Doch erstmal zitiere ich das Originalposting des Magazins auf Facebook:
Trail-Running wird beliebter, größer und ist mittlerweile ein echter Sport auf der ganzen Welt!
Was muss passieren, dass in Deutschland unser Lieblingssport weiter an Events und Aufmerksamkeit gewinnt?

Trailrunning ist also ein echter Sport. Da bin ich aber beruhigt, ich hatte schon befürchtet, einen unechten Sport zu betreiben. Und zum Glück ist er auf der ganzen Welt als echt anerkannt, was uns regionale Einschränkungen erspart. Nicht auszudenken, wenn es beim Überschreiten einer Staatsgrenze hieße: lauft ruhig, frönt eurem falschen Tun!

So dürfen wir Trailläuflinge weiter das tun, was und Spaß macht: auf Trails laufen.

Soll es mehr Events geben? Mehr Aufmerksamkeit? Was auch immer mehr Aufmerksamkeit bedeutet.
Es ist Zeit, dass ich mein Bild von vorhin beschreibe.

Dabei handelt es sich um eine Collage mit dem Titel: Massensport Trailrunning.

Im Zentrum findet sich ein Plakat, welches für den SUPERSPONSOR POWERTRAIL 3000 wirbt. Die Zahl steht dabei nicht für die Höhenmeter, sondern für die Anzahl der Teilnehmer, die sich auf zwanzig Kilometern austoben wollen. Etwas kleiner sehe ich den Flyer für einen der vielen Indoor Trails, die aus dem Boden schießen wie Champignons in einer artgerecht wohlig feucht-dunklen Höhle. In der Tat ziert das Foto einer solchen Halle den rechten Rand der Collage. Zehntausend Zuschauer fasst sie, die Trail-Events finden im Rahmenprogramm von Motocross- und Mountainbike Wettkämpfen auf dem selben Rundkurs statt. Das ist praktisch, denn die Sprunghügel dienen dem Sammeln der Höhenmeter.

Ein Stück weiter oben klebt, beinahe etwas verschämt, das Panorama eines Trails in der Natur. Für den nicht eingeweihten Betrachter wirkt es befremdlich, wie sich eine lange Schlange von fünfzehnhundert Menschen den Single Trail hinaufwindet. Freilich freut der Veranstalter sich über den Erfolg seiner Veranstaltung. Trailrunning ist in.

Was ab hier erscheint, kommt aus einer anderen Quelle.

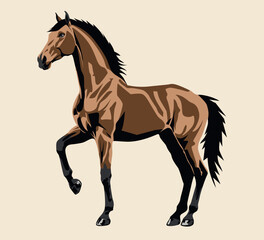 horse flat vector illustration eps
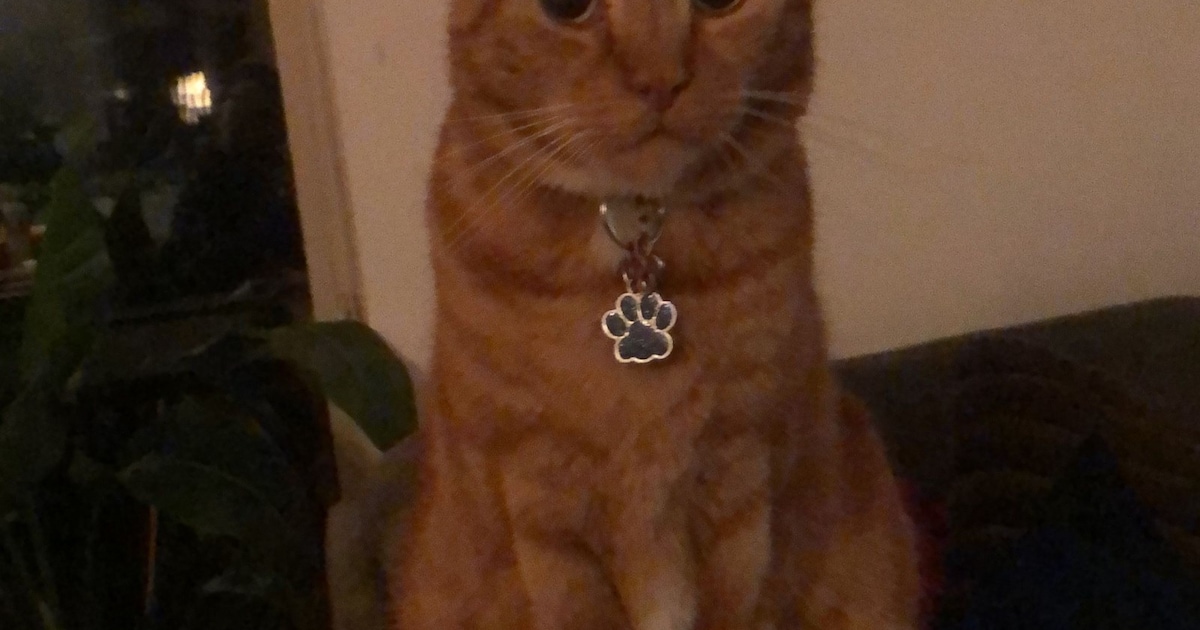 Heb jij Spicey gezien? Dit huisdier wordt in Heemskerk vermist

Das ruft natürlich Begehrlichkeiten auf den Plan.
Hier recken nationale, internationale und globale Trailrunningverbände die Häupter, allesamt bestrebt, dem Trailsport nur das Beste an Fürsorge angedeihen zu lassen. Deshalb gibt es – mein Bild zeigt nur die Titelseite – eine Klasseneinteilung für Trail-Veranstaltungen. Wenn sich dieser Sport (wir wissen: es ist ein echter!) wegen der Vielfalt der Strecken schon einer Vergleichbarkeit entzieht, kann man zumindest ein Klassenregelement einführen, damit Unvergleichliches vergleichbar erscheint.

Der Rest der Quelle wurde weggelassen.